The app could be packaged with other standard Advanced Driver-Assistance Systems (ADAS) or sold in the app store. It could incorporate advertising on virtual “billboards” along the road or as part of the signs themselves (inspired by Burma-Shave’s roadside ad poems). Another option would be to pair the app with additional technology such as eyelid-monitoring to alert drivers when eyes close, and licensed directly to commercial fleets that travel long-distance and/or at night.
At start, the user hears: “If you’re sleepy, pull over and take a nap. To keep driving, say, “Go!” When the user says, “Go!”, a set of objects appears on the horizon, flanking the road ahead. As each object is passed, a bell chimes. This sequence alerts the driver that they are about to pass a series of signs.

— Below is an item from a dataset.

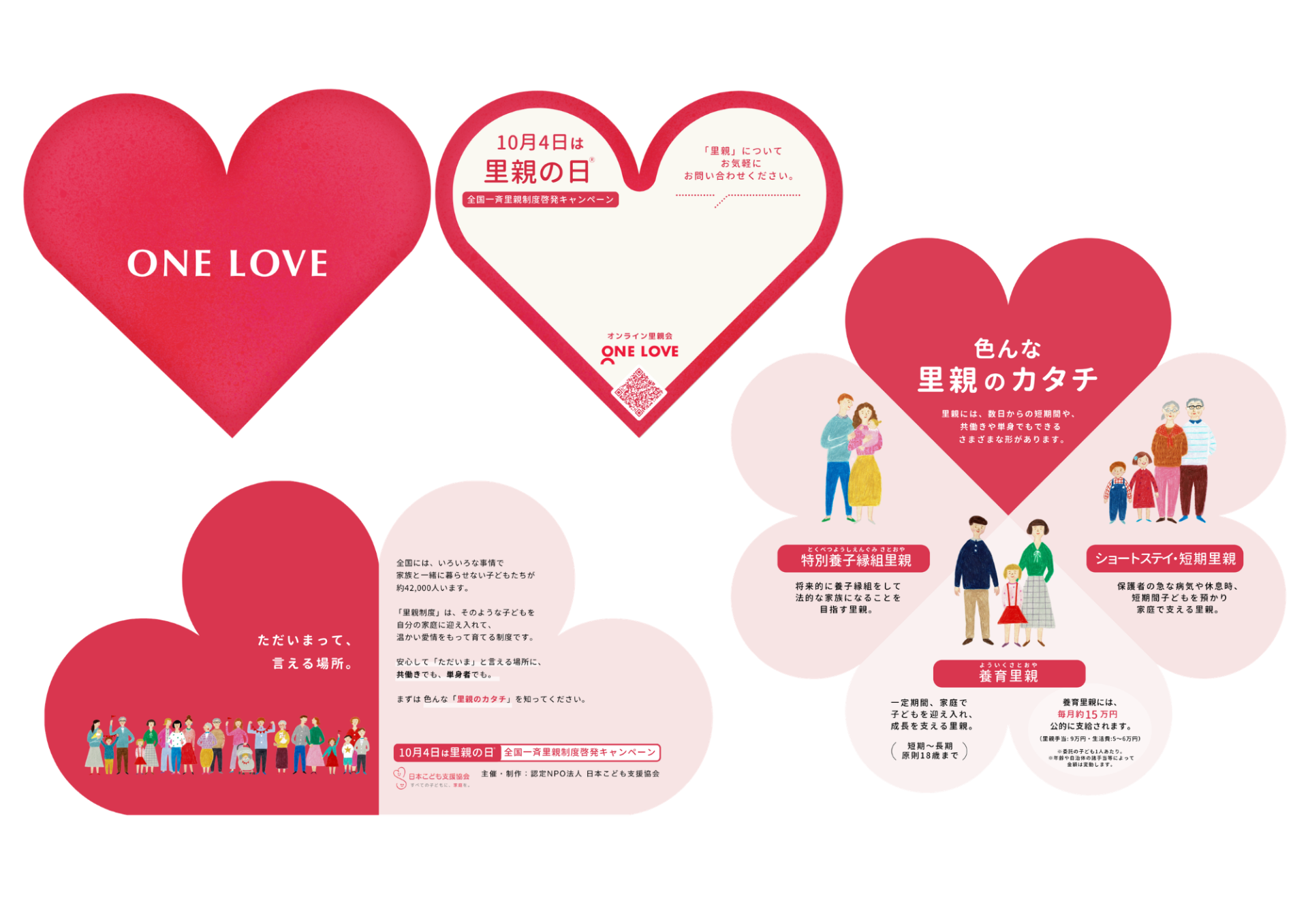 参加受付開始【2026年 ONE LOVE 全国一斉里親制度啓発キャンペーン】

One by one, four consecutive signs appear, randomly assigned to the right or left shoulder to keep the driver’s eyes scanning the road ahead. The first series is always a set of instructions:
Stay awake and alert
And make your friends proud
To win at this game
Say the last sign aloud.
The last sign is glowing green. When the driver says, “Say the last sign aloud,” the sign flashes green and a bell chimes. After about 10-20 seconds, a different set of objects appears and the cycle repeats with new sign phrases, such as:
Long highway drives
Can be such a bore
Be sure to pull over
If you start to snore.
If the driver fails to say the phrase before passing the sign, a buzzer sounds and a voice says, “Try again! Say the phrase on the last sign when it comes into view.” The same series repeats until the driver says the phrase correctly.

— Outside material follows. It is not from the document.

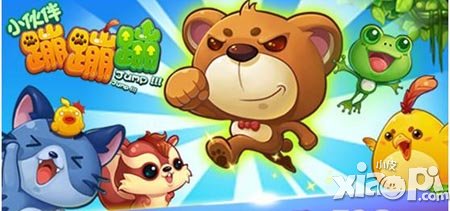 小伙伴蹦蹦蹦游戲評(píng)測 國內(nèi)首創(chuàng)蹦跶式消除游戲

Several wrong answers will prompt audio urging the driver to pull over and nap.
Both the signs and objects incorporate a blue glow, as blue light may be nearly as effective as caffeine in keeping drivers alert and awake.
The command “Close game” will end the simulation.
Heads-up displays (HUD's) present some unique UX challenges. While much remains to be learned about this newer technology, there are important best practices emerging.
One of the main concerns of HUD design (and AR design) is color. With a constantly-changing real-world background, interface colors need to be readable on both light and dark backgrounds. Glass glare can further exacerbate this challenge. Research has found that the most consistently visible colors for HUD's are red, green, and blue.
The driver role presents an extremely vital consideration. A HUD should not distract the driver in any way, and should not provide unnecessary information. Any AR elements should be integrated into the real-world environment without drawing the eye too far from the road. For this reason, virtual roadside signs were a natural choice.